- Born: July 15, 1926. Hóc Môn, Sài Gòn, French Cochinchina, French Indochina
- Died: November 17, 2008 (aged 82) Hamden, Connecticut, U.S.
- Citizenship: American
- Education: Lycée Petrus Trương Vĩnh Ký, Sài Gòn, Vietnam
- Alma mater: Ohio University, Yale University
- Occupations: translator, teacher, author, publisher, editor
- Spouse: Huỳnh Thị Vân Yền (1954–2008)
- Children: Vân-Thi Huỳnh, Thanh Huỳnh, Tùng Huỳnh
- Writing career
- Language: English
- Period: 1960–1999
- Subjects: poetry in translation, Vietnamese studies, anthropology
- Notable works: translations of The Tale of Kiều (1973) and Nguyễn Chí Thiện's poetry collection Flowers from Hell (1984)
- Notable awards: 1985 Poetry International Prize (Rotterdam), 1989 MacArthur Fellowship

= Huỳnh Sanh Thông =

Vietnamese American scholar and translator

Huỳnh Sanh Thông (Saigon, July 15, 1926 – November 15, 2008) was a Vietnamese American scholar and translator.

==Life==

He was born to a rice-miller mother (Lâm Thị Kén) and a Francophile primary schoolteacher father (Huỳnh Sanh Thinh) in Hóc Môn, close to Sài Gòn (now Ho Chi Minh City). When the family moved into Sài Gòn itself, Thông enrolled at the prestigious Lycée Petrus Trương Vĩnh Ký where he studied French literature, specializing particularly in the works of Molière and La Fontaine.

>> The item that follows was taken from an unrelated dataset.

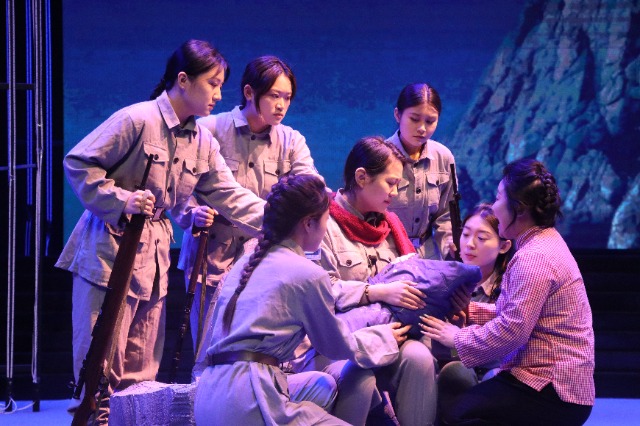 IMG_1058.JPG IMG_1058.JPG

In 1945, he joined the clandestine Vietnamese independence movement, opposed to the post-war re-establishment of French colonial rule in Vietnam. The following year, while working as a janitor at the US consulate, he was arrested by the French and held in a concentration camp outside Sài Gòn. Diplomatic pressure from the Americans resulted in his release, whereupon he fled to the United States as a political refugee, arriving in Athens, Ohio, in 1948.

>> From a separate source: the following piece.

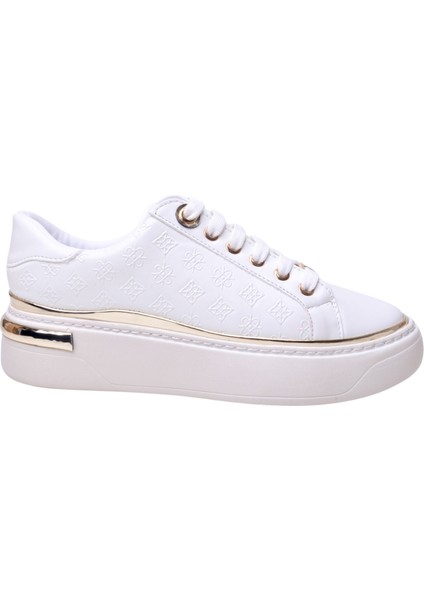 Kadın Spor Ayakkabı K732559 fiyatları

He graduated in Economics at Ohio University in 1951, but was particularly interested in the issue of gender inequality, which he saw as a serious problem both in the US and in his native Vietnam. As he put it in 2008: "I looked for a way to
explain the difference between how responsible women and irresponsible
men were treated in society, as in my own family as well as in many others I could see."

He studied international relations and anthropology at the Universities of Georgetown and Cornell before starting work with Robert B. Jones on a Vietnamese primer that was eventually published as An Introduction to Spoken Vietnamese (1960).

For the month of May 1957, Thông was appointed by the US government as the official "Vietnamese welcomer" to Ngo Dinh Diem. Later that same year, he joined the staff of Yale University as a teacher of Vietnamese. He would remain associated with Yale for the rest of his life.

He died from sudden heart failure on November 17, 2008, at 82 years old.

==Works and awards==

Thông is best known for his English translation of Nguyễn Du's Kim Vân Kiều, published as The Tale of Kiều (Yale University Press, 1973, reissued several times), and for An Anthology of Vietnamese Poems: From the Eleventh through the Twentieth Centuries (Yale).

His translation of Flowers from Hell by the Vietnamese dissident poet Nguyễn Chí Thiện won the 1985 prize at the Poetry International Festival in Rotterdam.

He also founded the Lac-Viet book series, publishing work by Vietnam scholars such as O. W. Wolters; and the journal Vietnam Forum (16 issues, 1983–1997).

In 1999, he self-published The Golden Serpent: How Humans Learned to Speak and Invent Culture.

He was awarded the Harry J. Benda Prize in Southeast Asia Studies in 1981, a MacArthur "Genius" Award in 1987, and the A.L. Becker Southeast Asian Literature in Translation Prize in 2012.